Além disso, o documento mostra que, sob pressão, os pequenos agricultores podem ser forçados a trabalhar de forma precária nas grandes plantações que têm condições de atender às exigências dos supermercados em relação a preço e qualidade, podem recorrer ao trabalho infantil, a formas de emprego informais, a jornadas de trabalho excessivas e em condições desumanas. A Organização Internacional do Trabalho (OIT) estima o número de vítimas do trabalho forçado no setor agrícola em 2017 em mais de 1,1 milhão.

As mais prejudicadas

O estudo ainda mostrou que as mulheres são as trabalhadoras que ocupam posições com menos garantias e menor remuneração das cadeias de fornecimento alimentar. Isso porque normas de gênero profundamente arraigadas fazem com que o impacto seja mais grave para as mulheres.

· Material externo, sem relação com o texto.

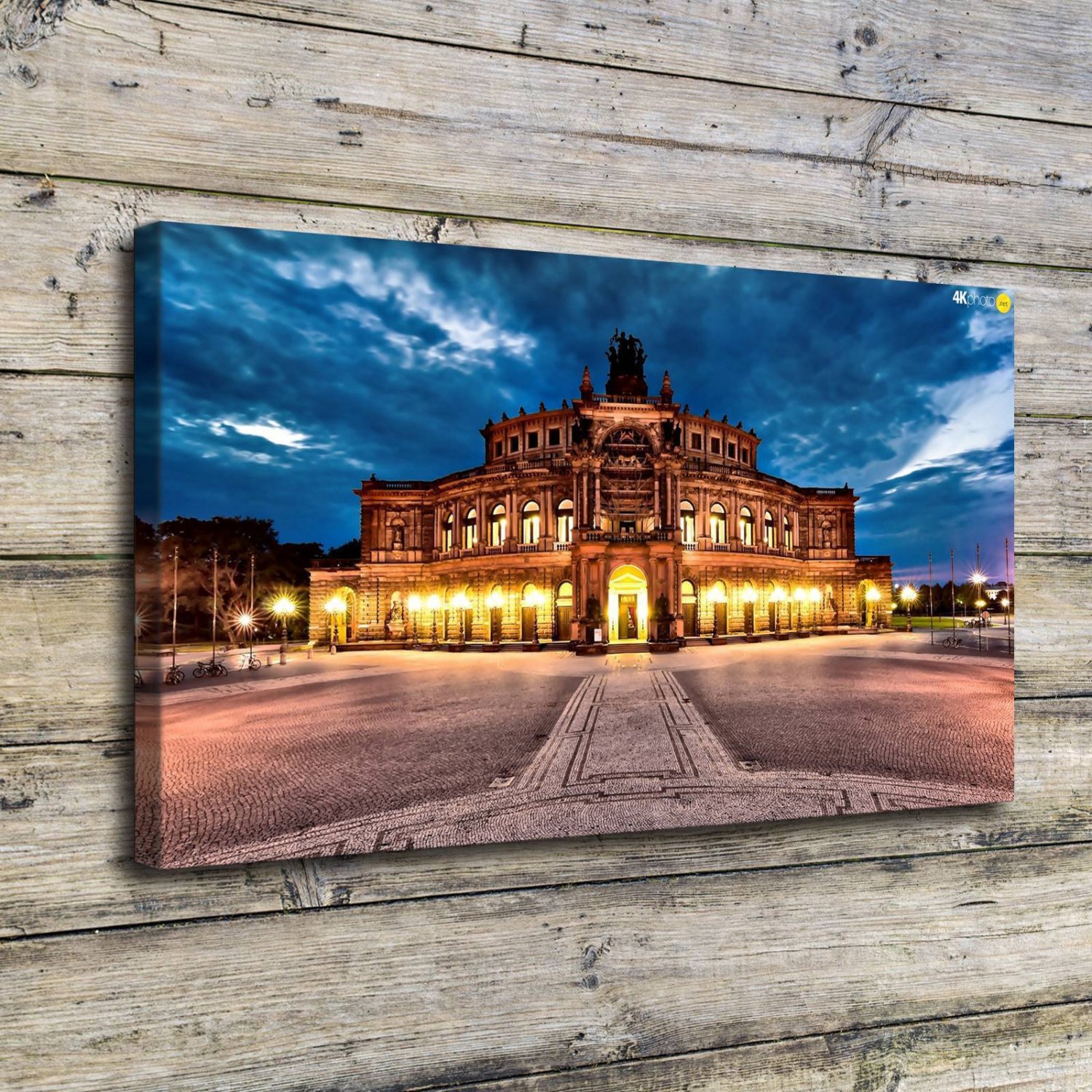 Night Semper Dresden  20x16 inch FRAMED CANVAS PRINT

“Elas não têm direito de possuir terras, têm menos probabilidade de contar com representação sindical, assumem a maioria dos trabalhos de cuidado não remunerados, são discriminadas com relação a remuneração e progressão para funções superiores, e sofrem ameaças de assédio e violência sexuais”, afirma o documento.

Não é à toa que o trabalho das mulheres nas cadeias de fornecimento de produtos alimentares passa despercebido. Suas vozes são menos ouvidas na mesa de negociação, elas estão concentradas nas funções mais mal pagas e precárias do setor agroalimentar e atuam como mão de obra barata e flexível.